The bank refused to honor the check when A Friend Indeed presented it for payment because the amount written on the check as well as the payee did not match the information provided by BCBS in their positive pay system used to verify checks. The check was originally issued by BCBS for $656.67 payable to Piedmont Digestive Disease.
Rita Rule, an investigator with the Salisbury Police Department, testified the check was reported missing or stolen from the mailbox of a medical facility. Investigator Rule further testified that an examination of the check revealed the check had been washed, meaning the payee and amount of the check had been altered or changed. Investigator Rule also stated she had investigated several similar checks in other recent cases involving a street gang from Charlotte who stole checks from medical facilities and used homeless people to cash them. Defendant testified he met a woman who told him her husband left her and she needed a male to help her cash a check. After Defendant agreed to help, the woman drove Defendant to A Friend Indeed and gave him the check with Defendant's name on it. Defendant testified he gave the entire proceeds of the check to the woman.
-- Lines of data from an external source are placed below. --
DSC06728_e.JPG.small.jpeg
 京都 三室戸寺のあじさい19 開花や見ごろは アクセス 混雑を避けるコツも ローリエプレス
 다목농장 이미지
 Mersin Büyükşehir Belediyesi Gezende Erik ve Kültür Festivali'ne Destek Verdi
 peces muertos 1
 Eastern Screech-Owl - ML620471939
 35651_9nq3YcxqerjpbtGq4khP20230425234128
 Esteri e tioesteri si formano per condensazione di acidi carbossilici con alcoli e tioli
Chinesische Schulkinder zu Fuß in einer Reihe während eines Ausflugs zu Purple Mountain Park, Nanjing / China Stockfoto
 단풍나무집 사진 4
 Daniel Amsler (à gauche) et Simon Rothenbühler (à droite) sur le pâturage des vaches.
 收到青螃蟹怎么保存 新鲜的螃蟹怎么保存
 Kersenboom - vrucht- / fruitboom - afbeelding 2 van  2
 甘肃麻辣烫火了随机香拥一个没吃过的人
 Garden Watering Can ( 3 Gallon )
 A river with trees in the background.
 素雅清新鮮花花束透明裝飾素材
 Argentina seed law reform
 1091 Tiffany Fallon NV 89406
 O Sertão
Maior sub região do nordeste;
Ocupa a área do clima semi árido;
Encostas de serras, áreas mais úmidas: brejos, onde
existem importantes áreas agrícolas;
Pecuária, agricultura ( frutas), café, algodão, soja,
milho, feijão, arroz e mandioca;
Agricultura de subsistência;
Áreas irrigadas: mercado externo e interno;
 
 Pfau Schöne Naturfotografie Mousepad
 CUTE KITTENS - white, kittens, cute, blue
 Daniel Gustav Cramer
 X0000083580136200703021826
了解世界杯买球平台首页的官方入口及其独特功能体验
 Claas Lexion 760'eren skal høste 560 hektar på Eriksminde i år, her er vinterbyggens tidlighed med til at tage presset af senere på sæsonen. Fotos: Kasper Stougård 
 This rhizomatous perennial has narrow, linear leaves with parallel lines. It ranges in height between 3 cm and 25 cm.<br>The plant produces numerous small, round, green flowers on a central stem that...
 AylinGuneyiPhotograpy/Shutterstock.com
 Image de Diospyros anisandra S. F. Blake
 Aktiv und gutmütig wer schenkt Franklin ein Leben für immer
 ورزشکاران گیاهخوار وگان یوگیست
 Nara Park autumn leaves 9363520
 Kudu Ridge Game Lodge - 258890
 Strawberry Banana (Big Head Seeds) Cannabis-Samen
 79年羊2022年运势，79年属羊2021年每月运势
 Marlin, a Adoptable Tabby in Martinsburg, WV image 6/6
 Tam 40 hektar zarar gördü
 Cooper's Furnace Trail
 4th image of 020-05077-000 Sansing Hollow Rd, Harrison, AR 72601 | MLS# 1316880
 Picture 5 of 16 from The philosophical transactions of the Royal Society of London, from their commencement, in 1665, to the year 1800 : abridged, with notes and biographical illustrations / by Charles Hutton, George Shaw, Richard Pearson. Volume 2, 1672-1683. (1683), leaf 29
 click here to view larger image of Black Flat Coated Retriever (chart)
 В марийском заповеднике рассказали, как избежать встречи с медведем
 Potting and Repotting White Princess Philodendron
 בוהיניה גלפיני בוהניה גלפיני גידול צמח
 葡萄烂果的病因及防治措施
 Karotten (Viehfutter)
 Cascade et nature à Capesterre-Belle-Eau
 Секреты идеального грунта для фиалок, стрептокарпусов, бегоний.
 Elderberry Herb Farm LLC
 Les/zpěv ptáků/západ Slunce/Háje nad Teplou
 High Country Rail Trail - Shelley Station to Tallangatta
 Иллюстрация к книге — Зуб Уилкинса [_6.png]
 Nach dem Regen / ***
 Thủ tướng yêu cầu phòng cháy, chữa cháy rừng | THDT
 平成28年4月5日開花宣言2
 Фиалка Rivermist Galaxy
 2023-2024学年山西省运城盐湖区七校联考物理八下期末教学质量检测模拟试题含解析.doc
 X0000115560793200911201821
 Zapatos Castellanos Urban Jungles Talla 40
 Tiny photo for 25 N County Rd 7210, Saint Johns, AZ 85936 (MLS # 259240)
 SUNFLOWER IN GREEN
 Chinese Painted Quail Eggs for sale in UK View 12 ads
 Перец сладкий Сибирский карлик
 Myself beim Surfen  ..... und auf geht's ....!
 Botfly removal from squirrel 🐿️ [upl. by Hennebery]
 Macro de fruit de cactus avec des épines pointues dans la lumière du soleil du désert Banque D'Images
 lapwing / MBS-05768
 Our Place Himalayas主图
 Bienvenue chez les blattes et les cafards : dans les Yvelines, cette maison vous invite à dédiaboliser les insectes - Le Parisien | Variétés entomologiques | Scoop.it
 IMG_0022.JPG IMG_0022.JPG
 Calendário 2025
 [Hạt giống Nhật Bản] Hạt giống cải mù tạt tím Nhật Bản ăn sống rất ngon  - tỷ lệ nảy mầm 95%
The jury found Defendant guilty of obtaining property by false pretense and being an habitual felon. Defendant was sentenced to 90 to 117 months of imprisonment. Defendant appeals.
Defendant first contends his due process rights were violated when the trial court failed to give him notice that an indictment was returned and when it failed to give a copy of the indictment to him prior to trial. Defendant argues the lack of notice violated his constitutional right to due process of law because it prevented him from being informed of the charges against him. Defendant contends he based his defense at trial on his arrest warrant, which alleged Defendant altered the original amount of the check, and as a result he was unable to effectively prepare his defense for trial.
Defendant's complaint that his due process rights were violated is a constitutional claim. [C]onstitutional error will not be considered for the first time on appeal. State v. Chapman, 359 N.C. 328, 366, 611 S.E.2d 794, 822 (2005)(citing State v. Lloyd, 354 N.C. 76, 552 S.E.2d 596 (2001) and State v. Cummings, 352 N.C. 600, 536 S.E.2d 36 (2000), cert. denied, 532 U.S. 997, 149 L. Ed. 2d 641 (2001)). As Defendant never raised the issue of aviolation of his due process rights at trial, he is precluded from raising it on appeal. State v. Jones, __ N.C. App. __, __, 627 S.E.2d 265, 269 (2006). Accordingly, we decline to consider Defendant's due process argument.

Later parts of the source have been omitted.